Alright, I began as I meditated. My name is Adrian, I was a paladin in my former life, and a reincarnated human from Earth that was given a second chance to redeem myself for a better third reincarnation in some sort of well endowed Nirvana. Despite that, I’ve died and remained dead, and now I’m fighting for my lack of life to set myself back on track.
I have no idea on how to do that.
Playing my boney excuse of a hand on my chest, I began to grunt the words to the resurrection spell I had learned as a paladin. After several minutes of getting the words out, I realized that not even the slightest shred of holy light gathered in my hands.
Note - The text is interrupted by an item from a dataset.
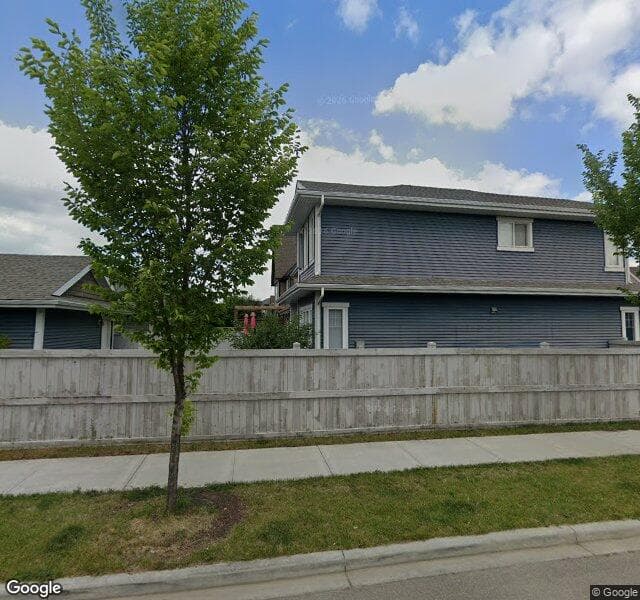 Street view of 7430 Colonel Mewburn Road NW, Edmonton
I sighed, having figured this was the result. I mean, if I could use my holy power, what good would it do on a sorry excuse of an undead like me? Speaking of, it made sense a shade couldn’t use holy power anyhow, and the resurrection spell isn’t exactly meant to be casted on myself. I chuckled with a wheeze, the irony of it.
I regret all of this. The demon invasion? It’s a hard pill to swallow, but I did what I could. That’s just it though. Could I have trained harder, gotten even more powerful to protect my friends and the kingdom? I had the damn legendary sword, was that not even enough?
The kingdom is probably conquered, and the king and queen are either slaves or dead now. Even the crowned prince looked like he was a goner, judging by how that commander had rounded back onto me with that smug ass face.
The princess… ugh. I loved that princess. She made protecting the kingdom worth every sweat and tear I shed trying to work my way up to that fancy hero status, and now she’s probably some piece of meat hanging on a rope, or that stupid commander’s plaything…
It filled me with a crushing despair, knowing that I really screwed up dying at that critical moment. My clenched jaw of rotted teeth probably would have drawn blood if there were any to be spare.
Before I could howl my displeasure into this empty patch of desolate but otherwise peaceful woods, however, something else beat me to the punch with a bloodcurdling scream.
“Cool, I can’t even be the one to do all the howling.” I muttered as I went floating ahead to see what monster was giving its high pitched death throes. Maybe a banshee, or one of those weird jungle birds.
Instead, I ran into someone who clearly had it worse than I did.